1- Moses was in fact Egyptian and worked as a general in the staff of the Egyptian pharaoh Ikhenaton, who urged the untill then polytheists Egyptians to adore Aton as only God and to adopt monotheism. When the pharaoh died, Moses tried to convince the Jews working at the northeast region of Egypt that they were the chosen people and to follow him. Many of the theories present in this book are in fact development of a hypothesis already raised by Freud in his earlier book "Totem and Taboo" and represents a serious attempt at demolishing the foundations of both the Mosaic religion as Christianity. The idea is that a band of brothers opressed by the father in fact killed him, and out of a guilty feeling payed tribute to him in a series of disguised primitive rituals to honor him in group.

2 - The circuncisiom was already practise at Egypt and was not something invented by Jeovah as a sign of the alliance (covenant)between Him and the Jewish people. Also, in Freud's hypothesis, Jeovah was a demi-god of the Volcanoes and many of his later carachteristics were later adoptions of Egyptian religious tendencies by means of the Levites, who, again in Freud's view, were not the son of Levi (one of the ten tribes of Israel) but rather were also of Egyptian origin and followers of Moses, who in fact was killed by the Egyptian jews, etc...

If you think this is all the book portrays, you are pretty much wrong.

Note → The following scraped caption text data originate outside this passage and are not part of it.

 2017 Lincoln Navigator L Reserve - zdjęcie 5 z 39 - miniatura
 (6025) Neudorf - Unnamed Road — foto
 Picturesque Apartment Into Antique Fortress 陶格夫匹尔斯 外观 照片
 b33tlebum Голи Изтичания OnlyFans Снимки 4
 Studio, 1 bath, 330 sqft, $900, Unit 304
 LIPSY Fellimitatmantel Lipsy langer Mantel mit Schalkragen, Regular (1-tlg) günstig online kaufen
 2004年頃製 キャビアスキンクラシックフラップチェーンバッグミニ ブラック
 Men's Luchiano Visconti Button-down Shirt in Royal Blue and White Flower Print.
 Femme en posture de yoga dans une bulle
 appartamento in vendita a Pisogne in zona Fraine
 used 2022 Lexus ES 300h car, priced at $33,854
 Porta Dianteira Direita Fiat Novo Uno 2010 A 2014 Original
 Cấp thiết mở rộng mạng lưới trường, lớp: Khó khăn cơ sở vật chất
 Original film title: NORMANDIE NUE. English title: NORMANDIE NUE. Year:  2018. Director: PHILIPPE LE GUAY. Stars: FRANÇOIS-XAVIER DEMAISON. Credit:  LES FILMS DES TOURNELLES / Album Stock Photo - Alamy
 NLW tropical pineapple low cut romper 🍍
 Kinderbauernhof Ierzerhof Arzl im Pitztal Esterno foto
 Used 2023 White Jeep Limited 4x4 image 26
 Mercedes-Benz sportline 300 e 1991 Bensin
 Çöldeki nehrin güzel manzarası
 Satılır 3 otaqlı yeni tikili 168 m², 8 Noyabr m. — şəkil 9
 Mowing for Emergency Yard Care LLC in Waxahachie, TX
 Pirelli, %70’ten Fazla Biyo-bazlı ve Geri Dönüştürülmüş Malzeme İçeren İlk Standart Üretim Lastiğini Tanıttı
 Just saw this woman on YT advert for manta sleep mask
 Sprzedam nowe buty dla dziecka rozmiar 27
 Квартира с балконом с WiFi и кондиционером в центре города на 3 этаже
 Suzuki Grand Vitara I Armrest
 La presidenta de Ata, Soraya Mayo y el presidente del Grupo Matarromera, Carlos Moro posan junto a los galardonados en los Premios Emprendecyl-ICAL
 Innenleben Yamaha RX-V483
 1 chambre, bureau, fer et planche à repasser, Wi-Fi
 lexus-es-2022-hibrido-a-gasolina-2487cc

There are still a lot of pretty much original and polemical hypotheses raised by Freud which would astound anyone unprepared for such a reading, specially the Jewish and Catholic community . One has to remember also, that Freud was of Jewish origin, and this, to say the least, adds salt to the whole story.

The book follows Freud trademark, not exactly a surprise for the man who said that he was "to disturb the nights of the humankind." Good reading.